9.1.1 two Bernoulli RVs example

In order to motivate the use of a Gibbs sampler, we start with an example of two variables which both have marginal Bernoulli distributions and the following joint distribution20:

X
0 1
Y 0 \(p_1\) \(p_2\)
1 \(p_3\) \(p_4\)

where \(p_i \geq 0, \ \ p_1 + p_2 + p_3 + p_4 = 1.\)

Note that the conditional distributions can be written as: \[\begin{align*} P_{y|x} = \begin{bmatrix} \frac{p_1}{p_1 + p_3} & \frac{p_3}{p_1 + p_3}\\ \frac{p_2}{p_2 + p_4} & \frac{p_4}{p_2 + p_4}\\ \end{bmatrix} \end{align*}\]

\[\begin{align*} P_{x|y} = \begin{bmatrix} \frac{p_1}{p_1 + p_2} & \frac{p_2}{p_1 + p_2}\\ \frac{p_3}{p_3 + p_4} & \frac{p_4}{p_3 + p_4} \end{bmatrix} \end{align*}\]

Where \(P_{y|x}\) contains the conditional probabilities of \(Y\) given \(X=x\), and \(P_{x|y}\) has the conditional probabilities of \(X\) given \(Y=y\). The iterative sampling scheme of the Gibbs sampler produces a sequence of 0s and 1s. As long as we start in a position that has probability greater than zero, the Gibbs sampler iteration should visit each state with the appropriate relative probabilities (as our sequence gets infinitely long). Additionally, notice that the marginal probabilities will hold.
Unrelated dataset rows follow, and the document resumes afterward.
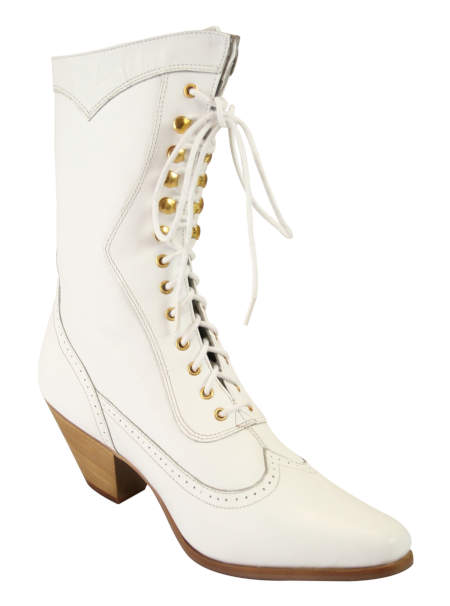 Wedding Ladies White Leather Solid Boots | Formal | Bridal | Prom | Tuxedo || Ladies Leather Victorian Boot - White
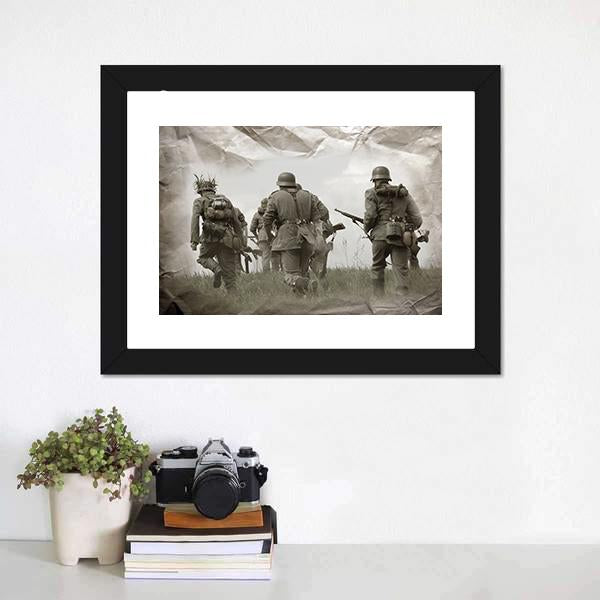 German Soldiers WW2 Reenacting Canvas Wall Art-1 Piece-Framed Print-20" x 16"-Tiaracle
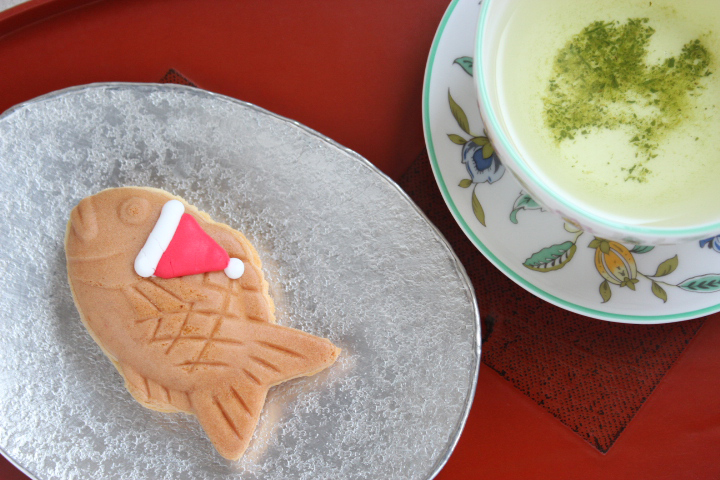 クリスマス小鯛焼とひおきしのお茶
The algebra / intuition for the \(2 \times 2\) case generalizes to the \(m \times n\) case for discrete variables. If either of the variables are continuous, the finite dimensional arguments will not work. However, with some reasonable assumptions, the logic is not terribly different from that given above for the discrete variables.
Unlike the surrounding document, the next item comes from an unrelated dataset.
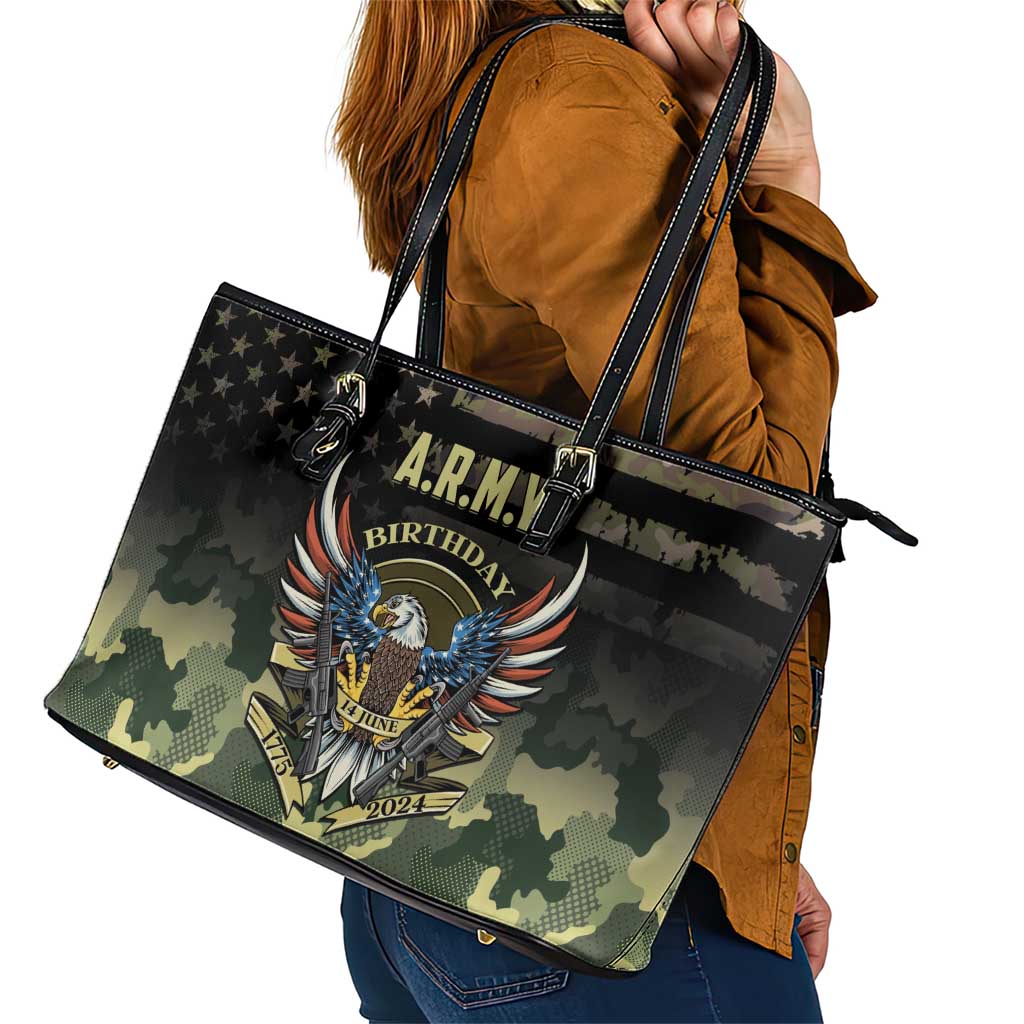 ARMY Birthday 2024 Leather Tote Bag US 249th Anniversary LT01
9.1.2 beta-binomial-poisson example

Recall what you know about joint and conditional distributions. That is,

\[\begin{eqnarray*} f(x | y) &=& \frac{ f(x,y)}{f(y)} \propto f(x,y) \mbox{ (no y)} \\ f(y | x) &=& \frac{ f(x,y)}{f(x)} \propto f(x,y) \mbox{ (no x)} \\ \end{eqnarray*}\]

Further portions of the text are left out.